Everyone has a story. The relaunch of the iconic Chung Kuo science fiction series takes place in June at Waterstone’s in Islington. Here author David Wingrove talks influences and Islington. Interview by Nicola Baird. Photos by Kimi Gill Photography.

David Wingrove. (c) Kimi Gill Photography for Islington Faces

Science fiction fans are sure to know the Chung Kuo series – initially set 200 years into the future – written by Islington-based author and science fiction expert David Wingrove. But what they may not know is that the Chinese setting to the series was dreamt up on a January walk in the 1983 to a SF shop on Holloway Road (the infamous Fantasy Centre, 157 Holloway Road which closed in 2009). http://www.lxnen.com/rogerbeccon/FC/

That idea for a short story became a world – Chung Kuo – that David turned into 20 books (around 2.5 million words). He’s also Islington’s most prolific living science fiction writer – the only possible competition would be from Douglas Adams who wrote the Hitchhiker’s Guide to the Galaxy, except he died in 2001.

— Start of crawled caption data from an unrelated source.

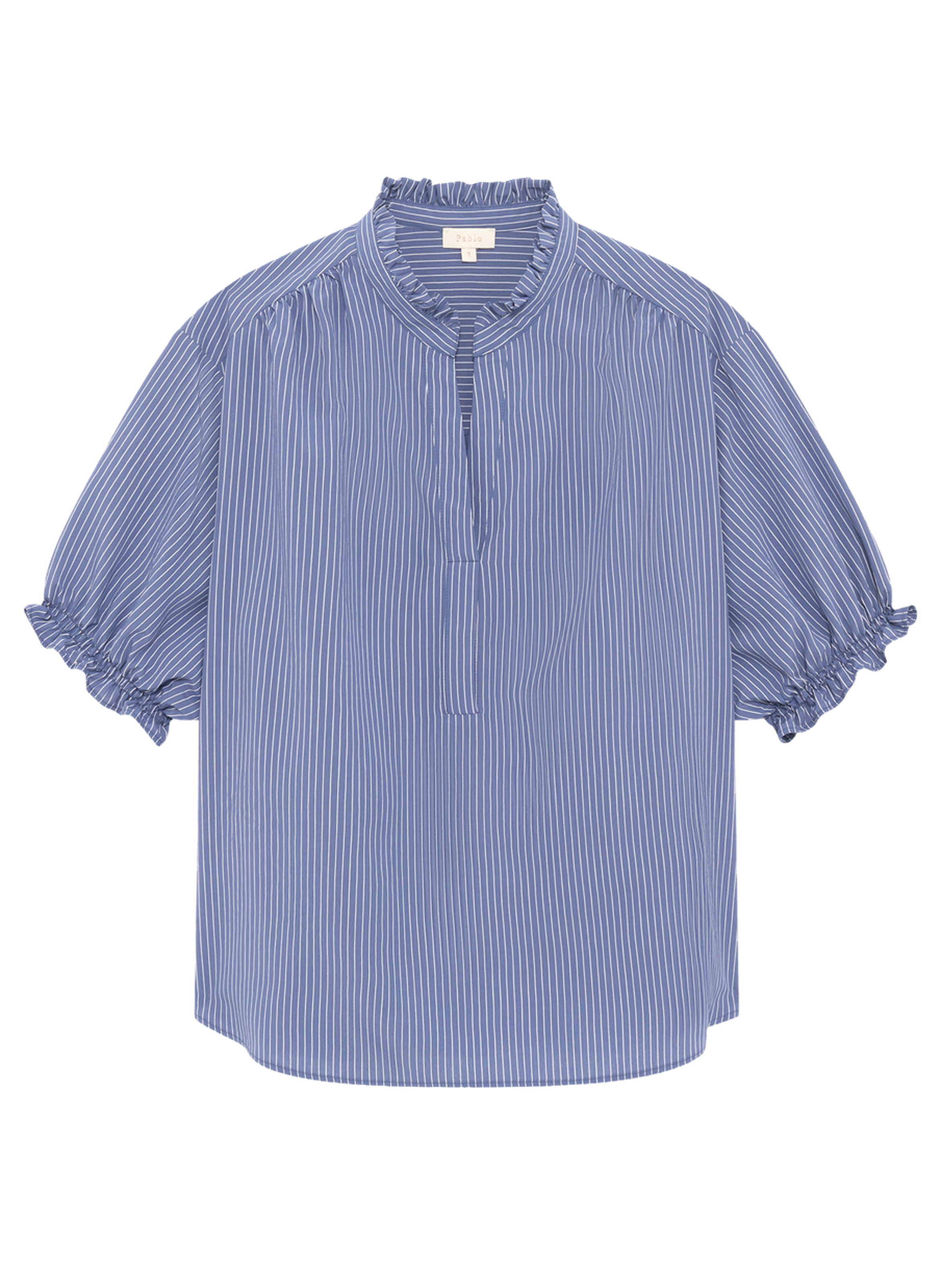 Blouse rayée à manches courtes - anouk PABLO Bleu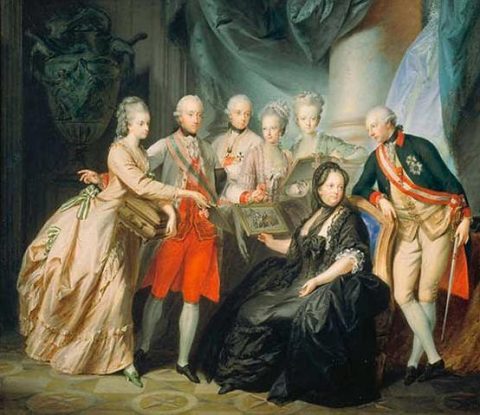 Mária Terézia és családja 1776-ban (Heinrich Füger/Wikipedia)
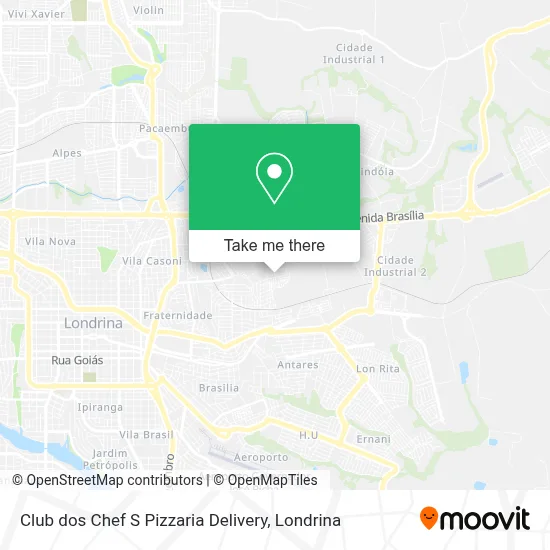 Club dos Chef S Pizzaria Delivery map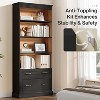 Tribesigns 72.8" Bookshelf with File Cabinet Drawer - 4 of 4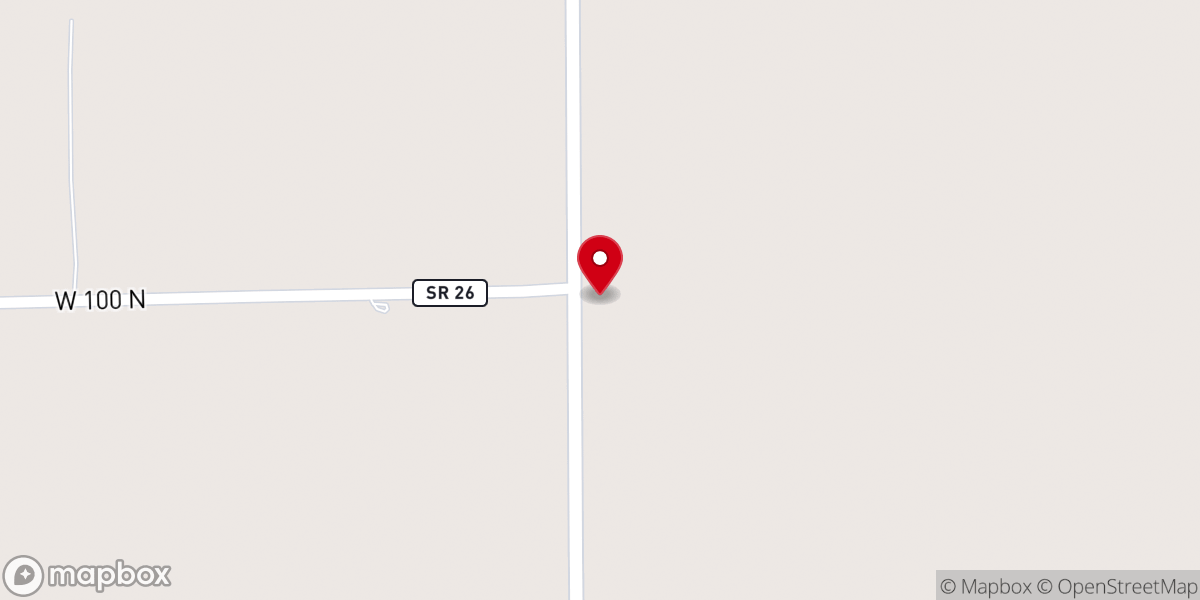 Map showing location of Hickory Grove Church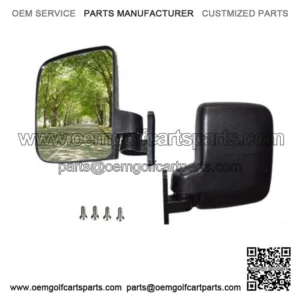 Golf Cart Side Mirrors Rear View Mirrors EZGO Club Car Yamaha ATV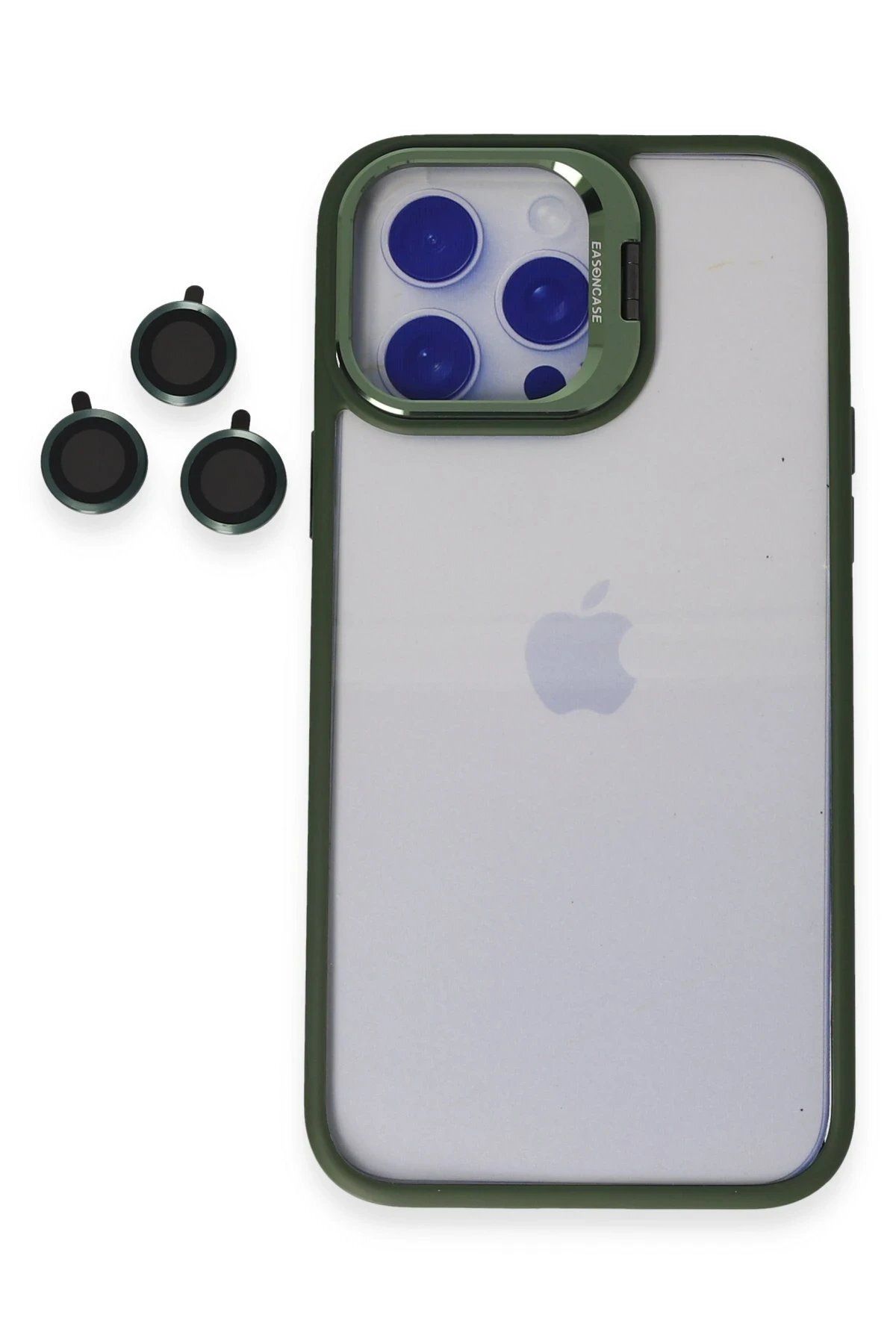 Joko iPhone 14 Pro Kılıf Roblox Lens Standlı Kapak - Koyu Yeşil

In addition to Chung Kuo David’s written the three Myst books that tie in with the world’s then (1990s) biggest-selling computer game (110 million). The game was like being aboard the Marie Celeste and David “had to come up with characters and plots and weave it all into the game world,” he says, as if nothing could be easier… He’s also just completed writing the Roads to Moscow time travel trilogy and, back in the 1980s, co-authored, with Brian Aldiss, the award-winning Trillion Year Spree: The History of Science Fiction.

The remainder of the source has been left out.